Curbed: Browsing your video collection, there seems to be a good mix of major cities like Chicago and Guangzhou, and lesser known places like the Ardennes in Belgium and Aragón in Spain. How do you pick which places to shoot?
JD: That depends. When I am in a certain city or country for a corporate project that I am realizing with my production company spoonfilm, I usually try to stay a little longer to get some shots for a Little Big World episode. This is for instance how most of the episodes in China have happened. Sometimes I am also asked by tourist councils to produce an episode of their destination for the series. La Rioja and Aragón in Spain are one of those.
And when my girlfriend was working in Boston for three years, I spent a lot of time in the U.S. and shot most of the North America episodes in that time. And then there are some places which have been on my personal bucket list for a long time and when I finally go there I do also shoot an episode there. Albania, Burma, Jordan, and Oman (coming soon) are such places.
Curbed: I noticed that the soundtrack can be very different from video to video—for example, the Chicago one is busy-techno, the Miami one is kind of classical comedy, and the Detroit one is very dramatic. Do you pick the music yourself? How do you choose?
JD: Finding the right music for each film is actually one of the most difficult parts of each project in my opinion. Sometimes it takes me three days just to find a piece that works well with the images. Basically I start with the mood that I want to transport for a certain place and then I look for music that may work. Sometimes I end up doing rough cuts with three different pieces before settling for one final version to edit. However most of the time I end up with classical music as I am many times not happy with the quality of production music archives.

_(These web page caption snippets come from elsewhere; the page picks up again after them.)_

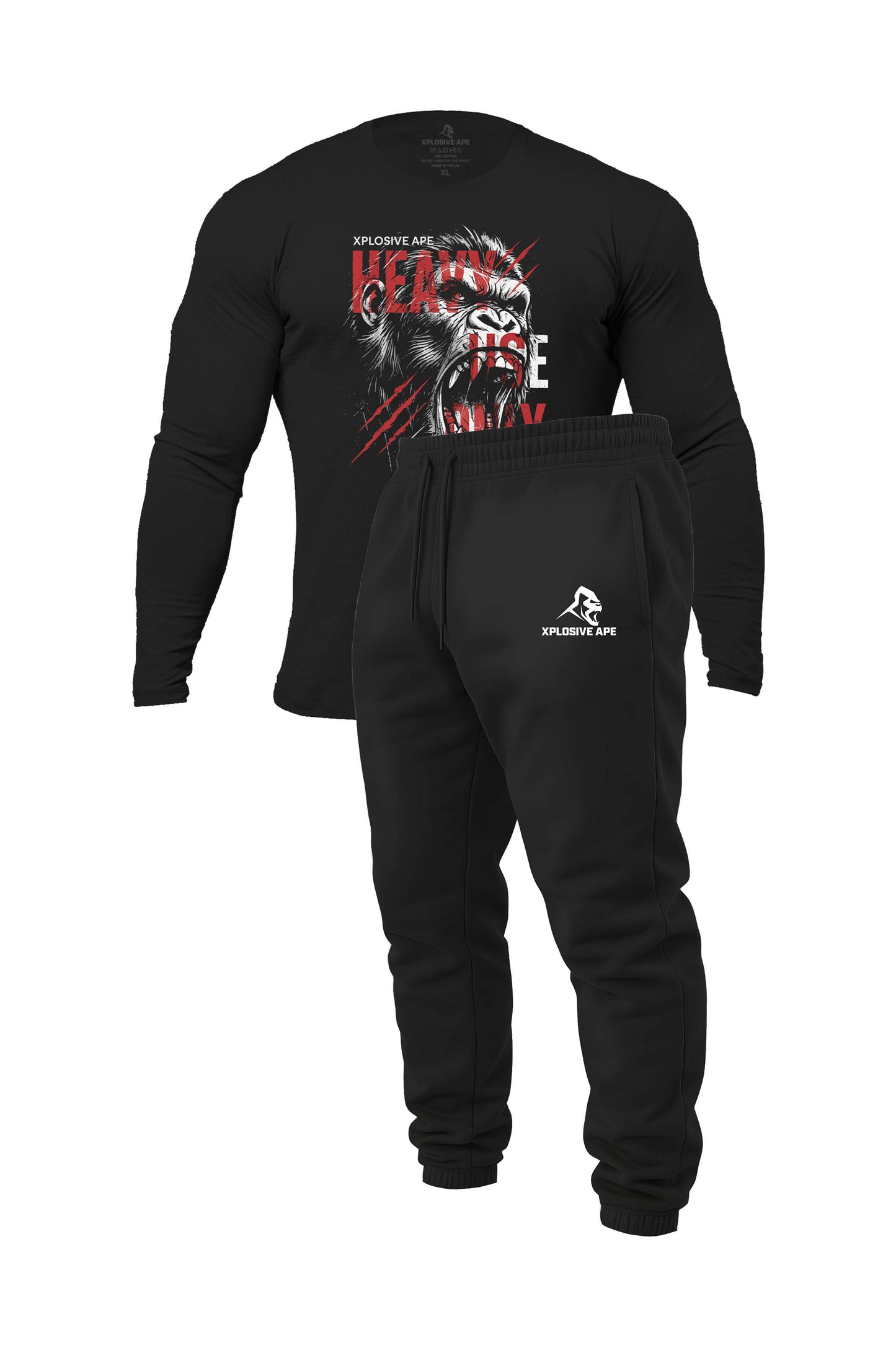 XAPE Heavy Use Only Long Sleeve Tee & Prime Joggers Combo - Black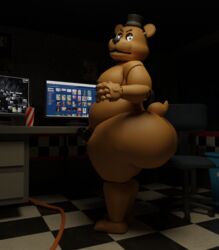 3d animatronic ass balls bear bubble_butt chubby computer e621 five_nights_at_freddy's freddy_(fnaf) genitals looking_at_viewer male male_only nipples overweight penis slightly_chubby snips456 snips456fur solo tagme top_hat video_games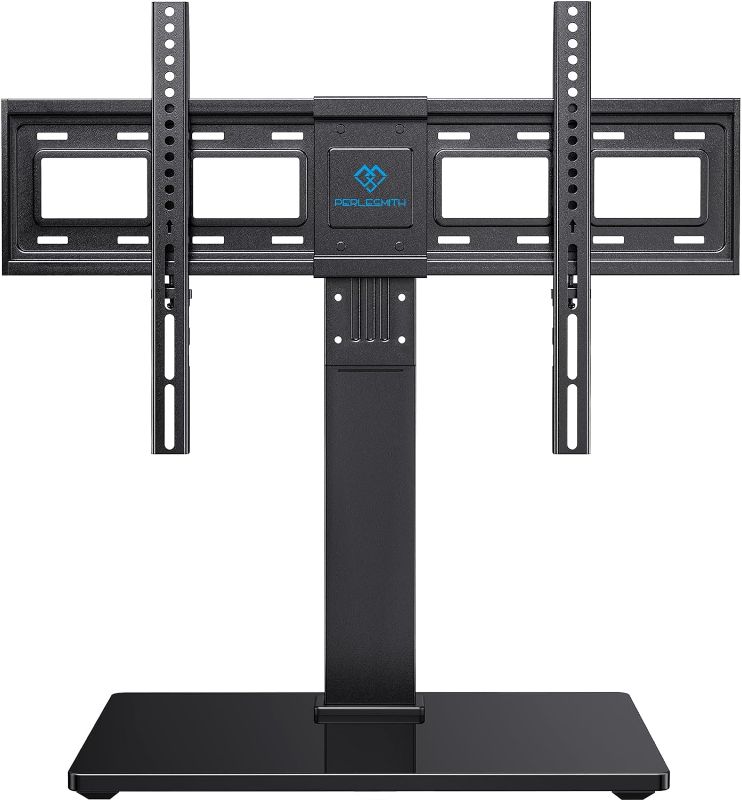 Photo 1 of (NON-REFUNDABLE) PERLESMITH Universal Swivel TV Stand Base, Table Top TV Stand for 37 to 65,70,75 inch LCD LED TVs, Height Adjustable TV Mount Stand with Tempered Glass Base, VESA 600x400mm, Holds up to 99lbs, PSTVS13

Curbed: I see you also allow these clips to be licensed, correct? What are some of the coolest or strangest places that have shown Little Big World footage?
JD: Apart from TV channels in about 50 countries, there have been some closed circuit systems that have licensed the show, like airlines and such. The public transportation of Istanbul, for instance, is showing the series on the screens in the subway. Also a large gym chain is showing Little Big World. I workout there myself and do think it’s kind of weird every time a Little Big World episode comes up while I am doing cardio or such.

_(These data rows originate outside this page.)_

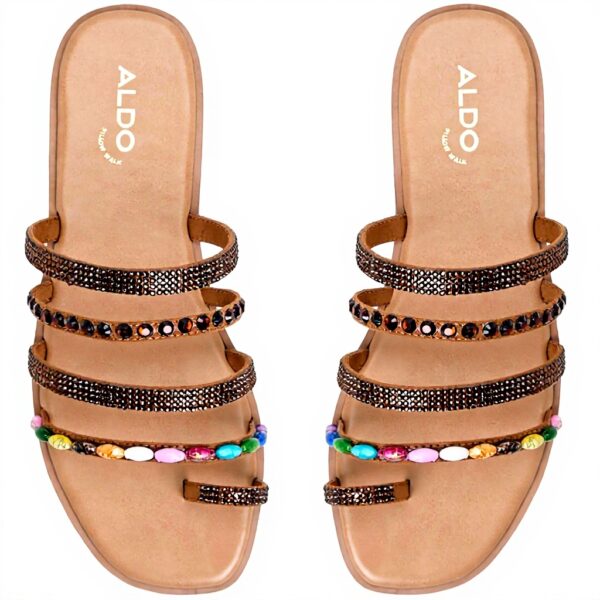 Aldo Womens Lindya Flat Sandal Gold Multi Fashion Shoes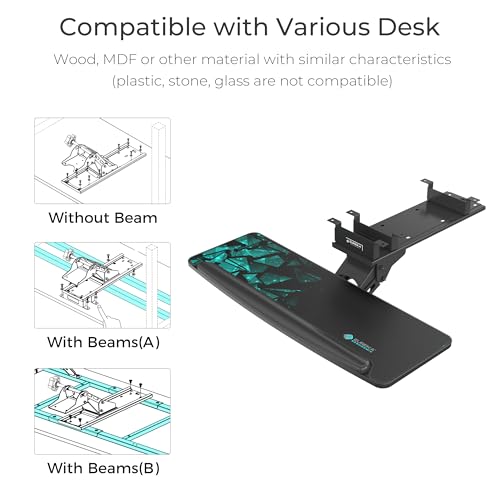 EUREKA ERGONOMIC Height Adjustable Mouse & Keyboard Tray Under Desk, 28x10'' Large Slide Out Swivel Tilt Computer Keyboard Drawer with Pad for Gaming Home Office, Dual Mount - color: Black & Green, size: 28 Inches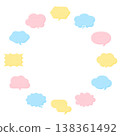 Circular frames with speech bubbles in various shapes and three colors 138361492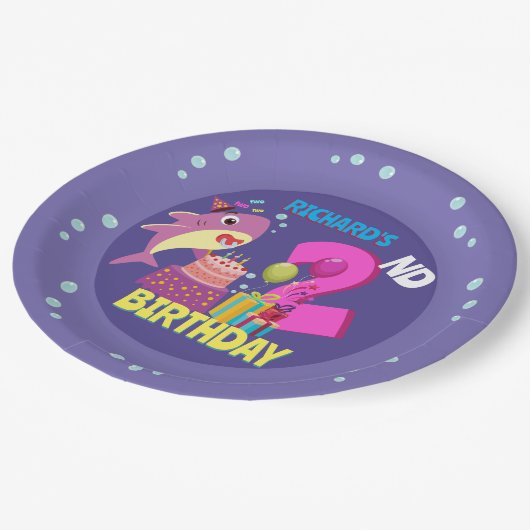 Custom Mommy Aunty Papa Daddy Shark Birthday Gesch Pappteller (Schrägansicht)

Curbed: Do you have a favorite video or two from your collection?
JD: This is always the hardest question for me to answer and it always depends on my current mood which one I pick. However, from my early films, Burma is still one of my favorites, while from the more recent stuff, I am very fond of Albania, Detroit and Sanya.

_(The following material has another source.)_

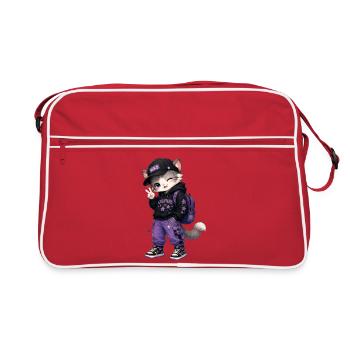 Chaton Aventurier Violet Étoiles - Sac Retro - rouge/blanc - Devant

Curbed: I feel like a lot of these videos have a comedic feel to them—is that intentional? Or is that just what happens when everything is shrunken?
JD: This is actually on purpose and I don’t think that the miniature effect is responsible too much for this—it makes things more cute and adorable. Like I mentioned earlier, I try to catch many regular and unspectacular scenes from daily life in each country. Then I usually edit these scenes in a fun way to the music, which should give it the comedic touch.
I really think "tilt-shifting" puts things somehow in the right perspective. I think people should not take themselves and what they do too seriously. If some people get that feeling while watching my films, then my work is done.
Curbed: What motivates you to keep making more Little Big World videos?
JD: I still love to travel around the world, meet new people, experience different cultures and try all kinds of food :)
That being said, I have neglected my company activities for the last two years pretty much in favor of more Little Big World stuff. However, I also still love to produce documentaries and commercials. If I can find a good mixture of all these different activities, I think that I can go on for quite some more years with new Little Big World episodes.